REQUIREMENT: Retype the records below exactly as they appear.

Stored records:
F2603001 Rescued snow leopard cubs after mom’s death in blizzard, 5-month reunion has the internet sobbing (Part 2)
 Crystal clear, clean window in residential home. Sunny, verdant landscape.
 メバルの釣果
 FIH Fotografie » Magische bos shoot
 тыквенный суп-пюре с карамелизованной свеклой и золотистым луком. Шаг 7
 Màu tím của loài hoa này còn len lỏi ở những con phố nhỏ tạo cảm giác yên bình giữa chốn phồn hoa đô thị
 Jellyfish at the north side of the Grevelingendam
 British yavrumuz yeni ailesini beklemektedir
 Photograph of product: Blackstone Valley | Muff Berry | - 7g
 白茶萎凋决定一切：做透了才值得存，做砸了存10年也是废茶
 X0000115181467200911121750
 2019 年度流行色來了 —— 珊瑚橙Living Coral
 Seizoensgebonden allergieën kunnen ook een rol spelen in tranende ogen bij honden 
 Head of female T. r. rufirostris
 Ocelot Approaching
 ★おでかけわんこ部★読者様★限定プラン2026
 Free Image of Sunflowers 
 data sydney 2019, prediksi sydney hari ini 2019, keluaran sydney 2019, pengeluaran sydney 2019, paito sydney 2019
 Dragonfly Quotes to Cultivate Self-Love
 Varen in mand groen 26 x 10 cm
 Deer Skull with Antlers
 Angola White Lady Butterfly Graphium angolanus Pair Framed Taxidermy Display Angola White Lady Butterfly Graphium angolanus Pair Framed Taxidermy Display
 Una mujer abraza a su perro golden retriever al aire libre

EXERCISE RESULT:
F2603001 Rescued snow leopard cubs after mom’s death in blizzard, 5-month reunion has the internet sobbing (Part 2)
 Crystal clear, clean window in residential home. Sunny, verdant landscape.
 メバルの釣果
 FIH Fotografie » Magische bos shoot
 тыквенный суп-пюре с карамелизованной свеклой и золотистым луком. Шаг 7
 Màu tím của loài hoa này còn len lỏi ở những con phố nhỏ tạo cảm giác yên bình giữa chốn phồn hoa đô thị
 Jellyfish at the north side of the Grevelingendam
 British yavrumuz yeni ailesini beklemektedir
 Photograph of product: Blackstone Valley | Muff Berry | - 7g
 白茶萎凋决定一切：做透了才值得存，做砸了存10年也是废茶
 X0000115181467200911121750
 2019 年度流行色來了 —— 珊瑚橙Living Coral
 Seizoensgebonden allergieën kunnen ook een rol spelen in tranende ogen bij honden 
 Head of female T. r. rufirostris
 Ocelot Approaching
 ★おでかけわんこ部★読者様★限定プラン2026
 Free Image of Sunflowers 
 data sydney 2019, prediksi sydney hari ini 2019, keluaran sydney 2019, pengeluaran sydney 2019, paito sydney 2019
 Dragonfly Quotes to Cultivate Self-Love
 Varen in mand groen 26 x 10 cm
 Deer Skull with Antlers
 Angola White Lady Butterfly Graphium angolanus Pair Framed Taxidermy Display Angola White Lady Butterfly Graphium angolanus Pair Framed Taxidermy Display
 Una mujer abraza a su perro golden retriever al aire libre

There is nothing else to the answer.